When Jane Smiley sat down to write "Ten Days in the Hills," she found herself confronting a technical problem she'd never faced before:

Too much sex.

"Uh oh, now I'm really in for it," she thought.

At 57, Smiley has been writing for three decades. She'd put plenty of sex in other books, but this one -- first conceived as simply "a novel about sex set in Hollywood" -- turned out to be different, because she'd never made it so central.

"There's a lot of problems with making it central," she explains, "and one of them is that it's boring."

She mouths this judgment almost silently, as if not to shock the other luncheon patrons at Carmel Valley's Cafe Rustica, then grins.
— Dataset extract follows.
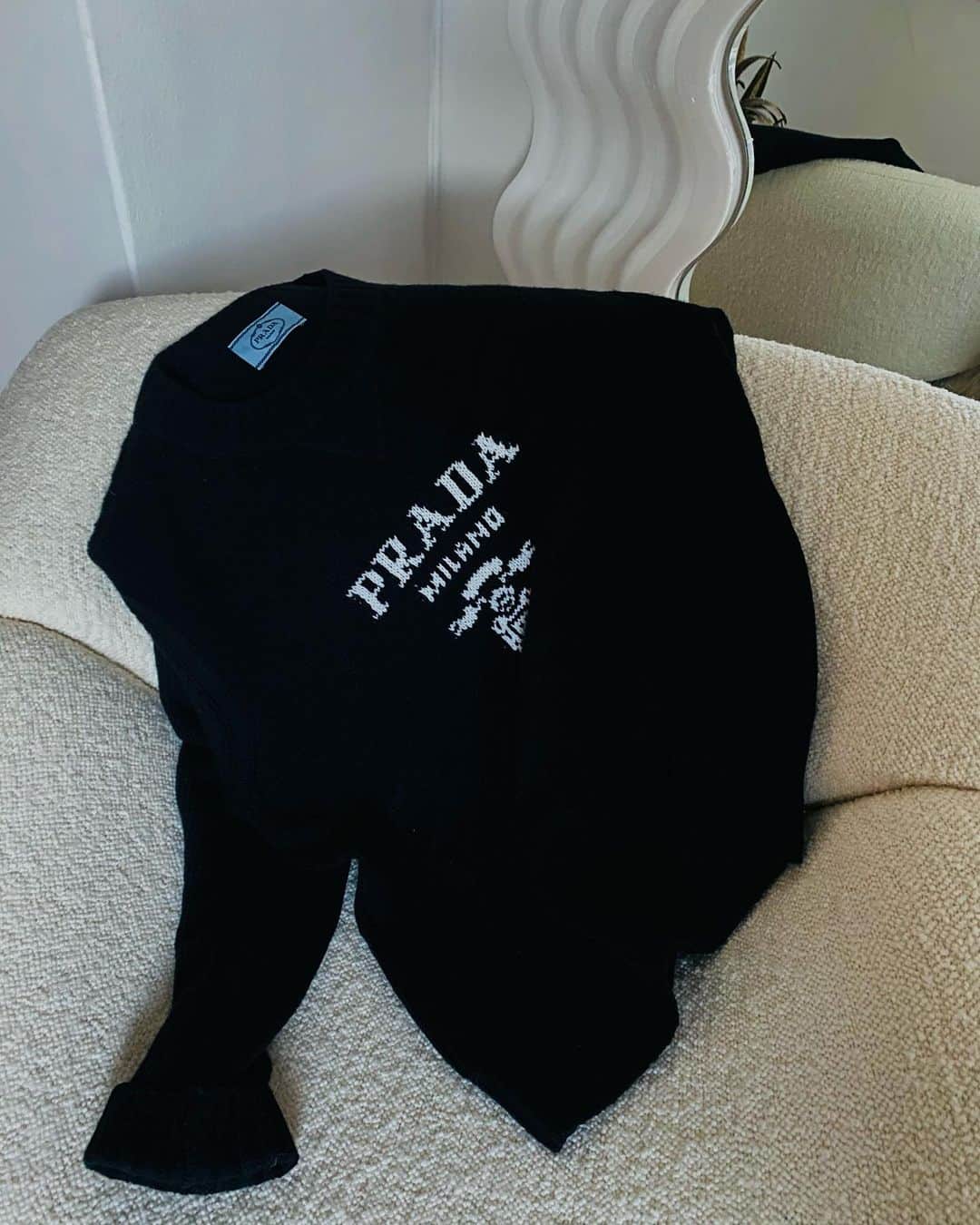 ペニーレ・タイスベックのインスタグラム：「🖤」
Beyond the outdoor tables, lavish houses perch on golden hillsides -- suspended, it appears, between the nirvana of their glorious setting and the devastation a serious mudslide could bring.

But never mind the scenery. We've got technical difficulties to deal with here.
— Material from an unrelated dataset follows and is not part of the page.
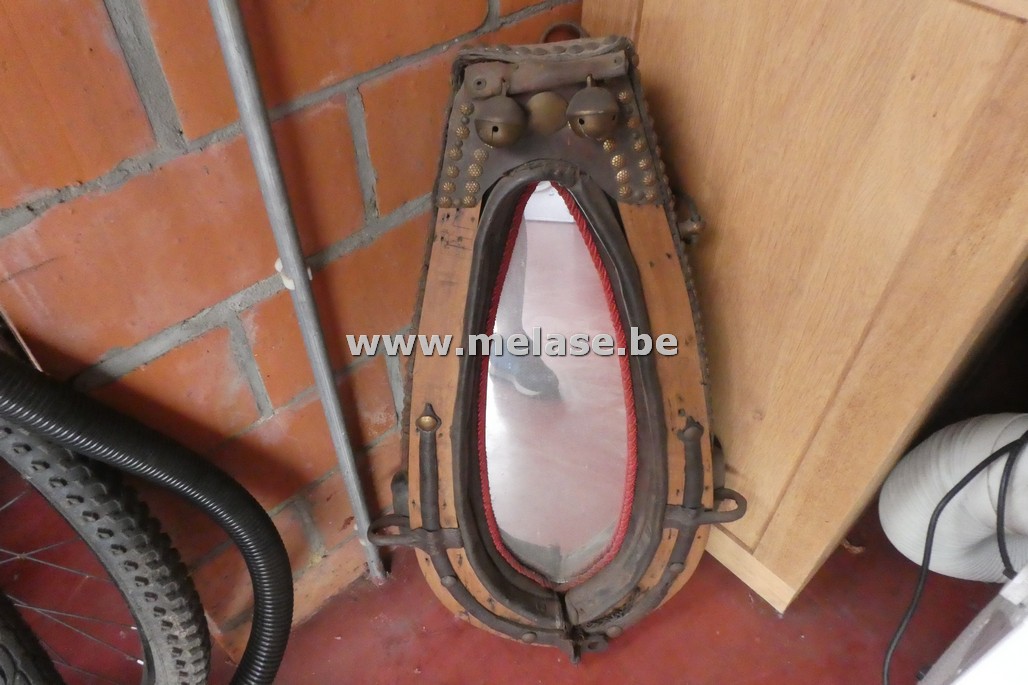 Wanddecoratie "antieke paardentoom"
"As I was coming up with a strategy for doing the sex," Smiley continues, "I thought, well, what's my goal? My goal is that the reader finds the book so interesting that she'll keep reading no matter what the characters are doing." The sex had to be integral to "the feelings of the characters and how they're being portrayed."

Smiley is a novelist who loves a good technical challenge. As an 11-year-old, she read "The Hound of the Baskervilles" again and again until the mechanics of the Sherlock Holmes thriller became transparent. Decades later, when she finished a draft of her multi-character academic satire "Moo," she began her rewrite by separating the individual story lines, fixing what needed to be fixed in each, then braiding them back together.
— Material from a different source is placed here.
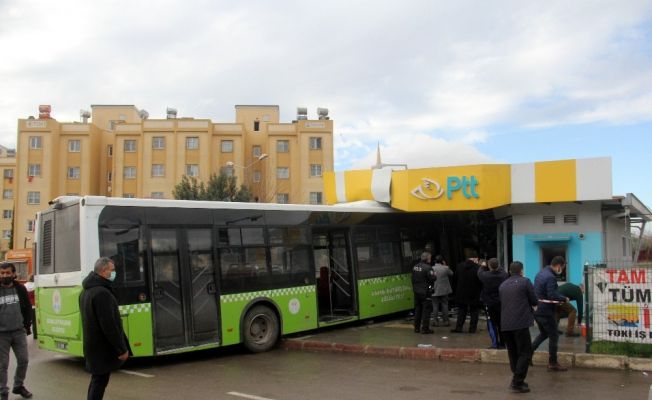 Belediye otobüsü PTT şubesine ok gibi saplandı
She likes to try out different literary forms -- now an epic, now a comedy, now a tragedy (her Pulitzer Prize-winning "A Thousand Acres" reworked "King Lear" on an Iowa farm). She does this, she has written, in part because it gives "the technician inside me" something new to figure out.

It helps that she's not an overtly autobiographical writer. Some novelists are "inspired by the world," she says, and others by personal experience. You can count her among the former, which gives her inner technician a wider range of material to work with.